Vom schlichten Coversänger steigt Dylan mit Songs wie „Blowin’ in the Wind“ und „Masters of War“ im Handumdrehen zum Helden der sozialkritischen Folkszene auf. Was ihn an dieser Entwicklung wirklich reizt, wird im Film ebenfalls nur angedeutet: Immer wieder sind Fernsehbilder großer politischer Ereignisse zu sehen, der Vietnamkrieg flirrt bisweilen über die Mattscheibe, und seine Freundin Sylvie erinnert ihn daran, dass die ernste politische Lage dringend nach einer entschlosseneren Musik verlangt – statt der immer gleichen Gassenhauer.
Ein Hauch von Eifersuchtsdrama
Der Versuch, Bob Dylan in die gesellschaftspolitische Aufbruchstimmung der Zeit einzubetten, bleibt letztlich ebenso bruchstückhaft wie die Beziehung zu Suze Rotolo, die im Film Sylvie Russo (Elle Fanning) heißt.
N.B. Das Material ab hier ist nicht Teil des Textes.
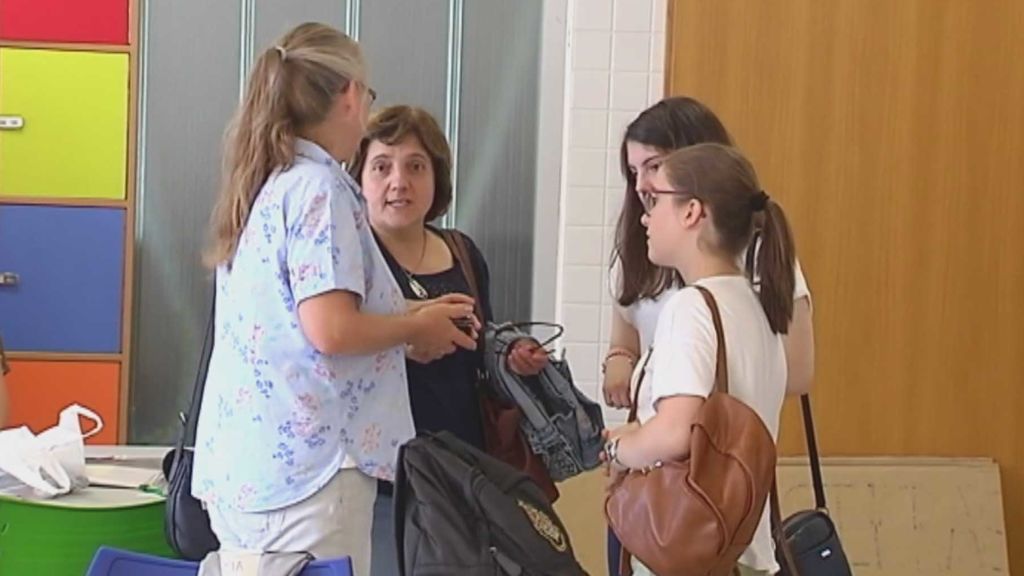 Los padres toman un instituto de Galicia para reclamar más profesores para sus hijos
Das komplexe Verhältnis zu Joan Baez (Monica Barbaro), die bereits vor Bob Dylan in der Folkszene aktiv war, und – unfähig, eigene Songs zu schreiben – bald die seinen interpretiert, wird im Film wiederum vor allem als weiterer Beweis seines Genies angeführt.
Ein Hauch von Eifersuchtsdrama schleicht sich ein, als Baez und Dylan schließlich gemeinsam auf der Bühne stehen und Partnerin Sylvie mit der elektrisierenden Bühnenpräsenz der beiden hadert. Doch auch dieser Konflikt wird nicht ausreichend vertieft, um eine echte emotionale Fallhöhe aufzubauen.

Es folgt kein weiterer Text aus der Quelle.